I don't understand why one would use a 4" vise to sharpen a chain, unless you will be holding the bar with it. I always just tighten the chain on the bar, and sharpen it sitting on a log, or standing at the tailgate of the pickup. I don't remember ever sharpening one in the shop on a saw. We whet at each fillup wherever we are. Two or three strokes per tooth there, or some greater total if you wait until it gets dull. I just hold the bar with my left hand, and file with my right, both ways.

I have one of the little clamps that you stick in a log, but it's not worth the trouble to drag around in the woods.


----------



## memory12 (Nov 19, 2013)

Tom King said:


> I don't understand why one would use a 4" vise to sharpen a chain, unless you will be holding the bar with it. I always just tighten the chain on the bar, and sharpen it sitting on a log, or standing at the tailgate of the pickup. I don't remember ever sharpening one in the shop on a saw. We whet at each fillup wherever we are. Two or three strokes per tooth there, or some greater total if you wait until it gets dull. I just hold the bar with my left hand, and file with my right, both ways.
> 
> I have one of the little clamps that you stick in a log, but it's not worth the trouble to drag around in the woods.
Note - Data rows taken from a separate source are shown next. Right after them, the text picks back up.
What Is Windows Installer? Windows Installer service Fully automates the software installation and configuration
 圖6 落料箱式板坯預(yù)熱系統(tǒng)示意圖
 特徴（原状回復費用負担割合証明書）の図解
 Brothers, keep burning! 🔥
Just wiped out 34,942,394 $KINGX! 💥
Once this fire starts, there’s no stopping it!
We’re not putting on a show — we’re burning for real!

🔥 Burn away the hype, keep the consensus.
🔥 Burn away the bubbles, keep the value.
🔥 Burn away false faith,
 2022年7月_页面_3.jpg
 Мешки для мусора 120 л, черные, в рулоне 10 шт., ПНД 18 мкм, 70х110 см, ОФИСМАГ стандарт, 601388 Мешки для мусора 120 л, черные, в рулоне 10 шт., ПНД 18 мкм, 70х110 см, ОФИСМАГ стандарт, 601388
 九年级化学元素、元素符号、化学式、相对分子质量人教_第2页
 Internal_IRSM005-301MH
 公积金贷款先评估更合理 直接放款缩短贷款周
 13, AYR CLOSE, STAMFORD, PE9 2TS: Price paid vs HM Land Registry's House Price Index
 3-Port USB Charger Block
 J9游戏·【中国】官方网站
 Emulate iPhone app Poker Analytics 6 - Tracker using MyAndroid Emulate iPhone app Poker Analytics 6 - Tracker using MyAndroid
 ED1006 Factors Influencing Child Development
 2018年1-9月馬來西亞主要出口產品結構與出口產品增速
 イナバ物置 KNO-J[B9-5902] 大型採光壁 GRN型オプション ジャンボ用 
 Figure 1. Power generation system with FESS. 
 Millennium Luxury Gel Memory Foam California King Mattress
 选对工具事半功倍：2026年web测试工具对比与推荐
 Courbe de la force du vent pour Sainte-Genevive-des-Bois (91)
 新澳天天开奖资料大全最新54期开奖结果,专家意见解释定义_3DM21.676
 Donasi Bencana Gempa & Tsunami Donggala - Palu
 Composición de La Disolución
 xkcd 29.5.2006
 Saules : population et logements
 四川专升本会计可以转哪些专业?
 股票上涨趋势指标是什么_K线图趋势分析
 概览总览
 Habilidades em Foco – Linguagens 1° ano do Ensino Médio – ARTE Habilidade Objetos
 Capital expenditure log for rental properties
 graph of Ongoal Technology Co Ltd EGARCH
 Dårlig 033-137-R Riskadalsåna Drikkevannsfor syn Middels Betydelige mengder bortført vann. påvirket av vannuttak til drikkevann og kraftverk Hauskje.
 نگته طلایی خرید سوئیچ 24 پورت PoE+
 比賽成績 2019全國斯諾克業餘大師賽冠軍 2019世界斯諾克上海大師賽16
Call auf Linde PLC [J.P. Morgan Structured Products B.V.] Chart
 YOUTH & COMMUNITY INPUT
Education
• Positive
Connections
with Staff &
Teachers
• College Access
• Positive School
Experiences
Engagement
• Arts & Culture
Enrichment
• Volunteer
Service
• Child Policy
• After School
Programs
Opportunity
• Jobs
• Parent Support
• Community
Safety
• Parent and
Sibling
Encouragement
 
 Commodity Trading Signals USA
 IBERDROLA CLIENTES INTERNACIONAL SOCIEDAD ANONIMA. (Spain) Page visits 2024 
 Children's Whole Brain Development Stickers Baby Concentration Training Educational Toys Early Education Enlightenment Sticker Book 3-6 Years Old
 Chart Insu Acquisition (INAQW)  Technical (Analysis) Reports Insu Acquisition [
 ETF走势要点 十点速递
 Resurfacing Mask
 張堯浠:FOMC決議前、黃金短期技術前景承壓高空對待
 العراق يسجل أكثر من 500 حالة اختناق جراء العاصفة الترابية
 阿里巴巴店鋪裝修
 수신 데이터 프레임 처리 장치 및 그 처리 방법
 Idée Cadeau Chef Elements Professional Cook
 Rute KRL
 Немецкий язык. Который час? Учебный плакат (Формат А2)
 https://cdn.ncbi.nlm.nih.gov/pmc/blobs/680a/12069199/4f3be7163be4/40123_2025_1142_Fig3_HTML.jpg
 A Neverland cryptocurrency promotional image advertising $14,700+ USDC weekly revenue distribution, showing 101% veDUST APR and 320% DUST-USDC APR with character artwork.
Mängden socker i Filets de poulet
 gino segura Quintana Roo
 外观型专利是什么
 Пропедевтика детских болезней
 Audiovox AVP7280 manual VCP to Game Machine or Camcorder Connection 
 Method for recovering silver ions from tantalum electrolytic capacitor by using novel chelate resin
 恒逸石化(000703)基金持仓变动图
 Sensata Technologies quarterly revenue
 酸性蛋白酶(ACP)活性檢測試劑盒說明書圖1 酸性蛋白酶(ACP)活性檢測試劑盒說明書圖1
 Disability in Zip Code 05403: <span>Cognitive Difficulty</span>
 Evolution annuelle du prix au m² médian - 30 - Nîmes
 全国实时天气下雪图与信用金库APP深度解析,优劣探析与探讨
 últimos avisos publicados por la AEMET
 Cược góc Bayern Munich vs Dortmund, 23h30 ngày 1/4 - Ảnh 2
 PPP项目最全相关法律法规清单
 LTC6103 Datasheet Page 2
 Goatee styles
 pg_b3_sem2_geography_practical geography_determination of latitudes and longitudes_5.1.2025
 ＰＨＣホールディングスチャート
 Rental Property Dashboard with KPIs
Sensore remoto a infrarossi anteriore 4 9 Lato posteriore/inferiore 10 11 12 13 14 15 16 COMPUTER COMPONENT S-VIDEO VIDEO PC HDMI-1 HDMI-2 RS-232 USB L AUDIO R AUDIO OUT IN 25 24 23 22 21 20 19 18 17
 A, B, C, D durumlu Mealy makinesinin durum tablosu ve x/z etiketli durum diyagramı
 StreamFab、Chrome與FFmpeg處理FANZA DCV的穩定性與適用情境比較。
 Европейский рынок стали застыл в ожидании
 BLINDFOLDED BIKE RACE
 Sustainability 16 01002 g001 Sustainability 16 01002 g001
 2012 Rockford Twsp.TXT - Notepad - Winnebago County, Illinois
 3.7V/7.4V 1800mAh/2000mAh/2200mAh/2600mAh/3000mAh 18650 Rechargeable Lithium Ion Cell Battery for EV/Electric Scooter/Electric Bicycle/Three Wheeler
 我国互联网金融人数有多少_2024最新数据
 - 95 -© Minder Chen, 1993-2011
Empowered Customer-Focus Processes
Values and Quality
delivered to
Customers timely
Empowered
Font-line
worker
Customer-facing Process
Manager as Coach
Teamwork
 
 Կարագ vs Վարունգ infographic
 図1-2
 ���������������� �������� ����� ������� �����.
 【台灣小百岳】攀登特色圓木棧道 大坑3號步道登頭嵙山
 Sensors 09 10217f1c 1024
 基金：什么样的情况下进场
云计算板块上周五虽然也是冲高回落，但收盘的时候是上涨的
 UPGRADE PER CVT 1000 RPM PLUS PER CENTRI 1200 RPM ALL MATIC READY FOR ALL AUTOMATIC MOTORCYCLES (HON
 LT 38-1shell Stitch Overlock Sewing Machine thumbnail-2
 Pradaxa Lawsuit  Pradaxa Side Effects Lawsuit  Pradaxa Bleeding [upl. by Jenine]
I am either holding the bar with it or another clamping device. One main reason for using a vise is to get it at the right height for me. I need to be standing straight to sharpen a chain. I can't be stooped over at all or it will kill my back. For that reason, I don't sharpen in the field much.

I just want a decent vise that will not break the bank.


----------



## woodnthings (Jan 24, 2009)

*I sharpen the chain on the bar in the vise*

I grab the bar below the chain so I can rotate the chain each time I sharpen a tooth. It doesn't have to come off the bar and it's at chest height for easy sharpening. I use an old Craftsman rotary tool with 3/16" round stone. Takes about 5 minutes to do a chain.
You can also use a round file.

I have a Larin vise, not bad for the price. I use an old 5" York vise. I got mine from this here:
http://www.wttool.com/index/page/product/product_id/42437/product_name/WT+5%22+Quick+Action+All+Steel+Vise&update_continue_shopping=true

Here's a whole bunch of other choices:
http://www.northerntool.com/shop/tools/NTESearch?escapeXml=false&ipp=24&storeId=6970&Ntt=bench+vise


----------